_WHAT IS REQUIRED:_ Set down exactly the lines running from the one with "A black and" to the last line of the listing below, both included, and skip every picture.

_DATASET EXCERPT:_

● ● ● ● ● ● ●

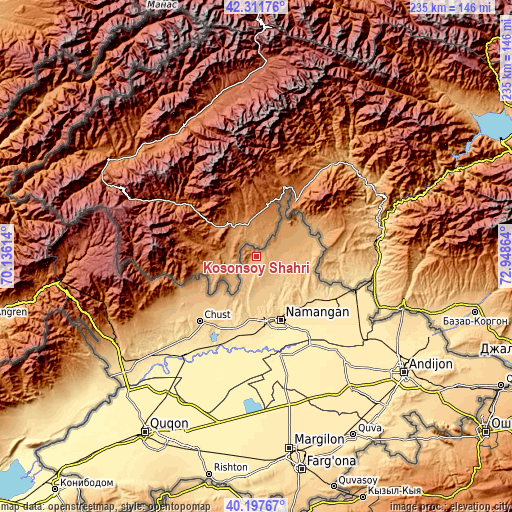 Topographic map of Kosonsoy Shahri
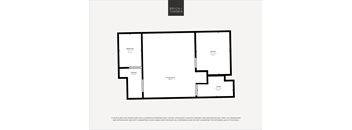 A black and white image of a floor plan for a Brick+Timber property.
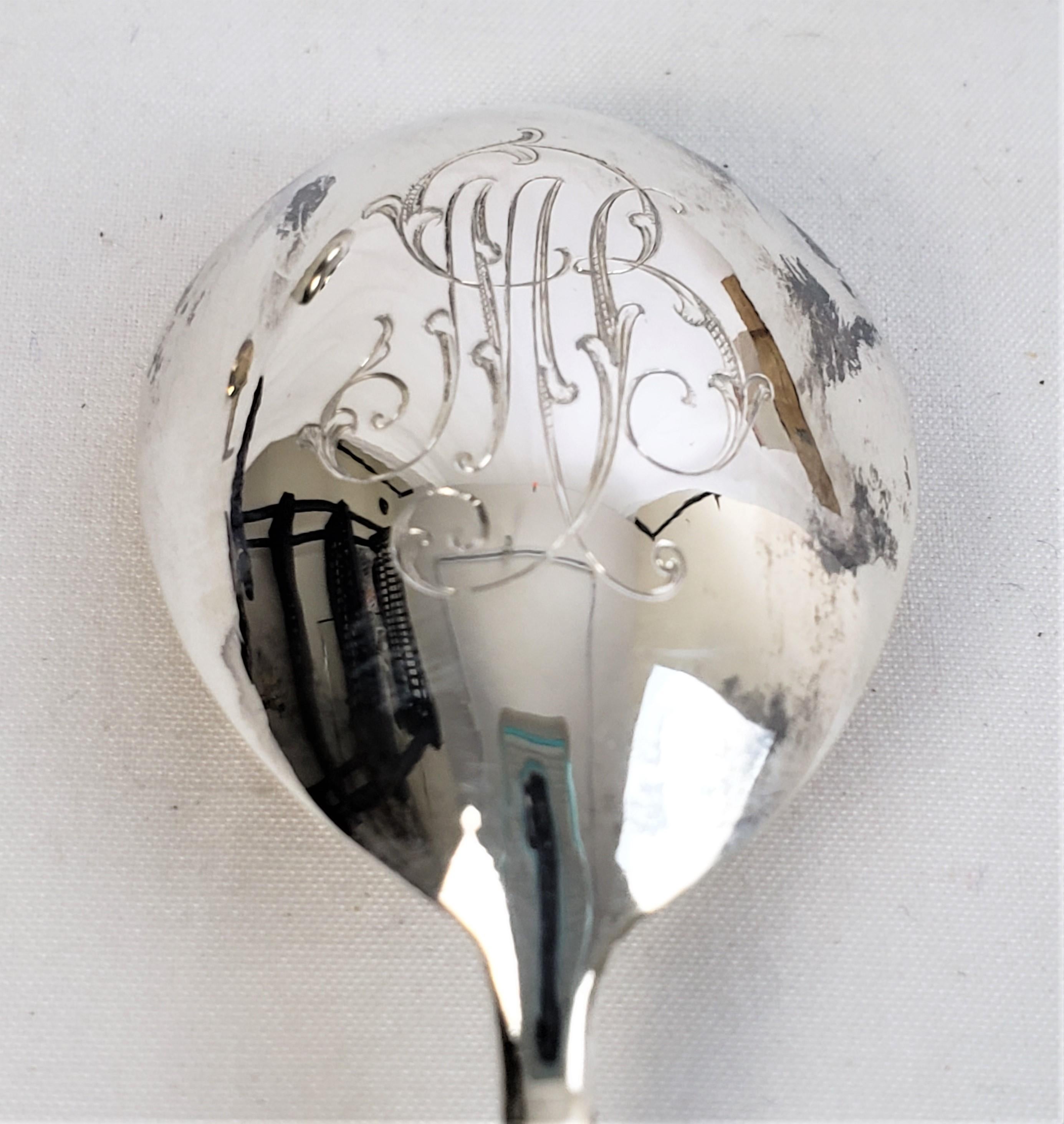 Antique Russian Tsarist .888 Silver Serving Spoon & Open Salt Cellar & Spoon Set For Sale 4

● ● ● ● ● ● ●

_RESPONSE AREA:_
 A black and white image of a floor plan for a Brick+Timber property.
 Antique Russian Tsarist .888 Silver Serving Spoon & Open Salt Cellar & Spoon Set For Sale 4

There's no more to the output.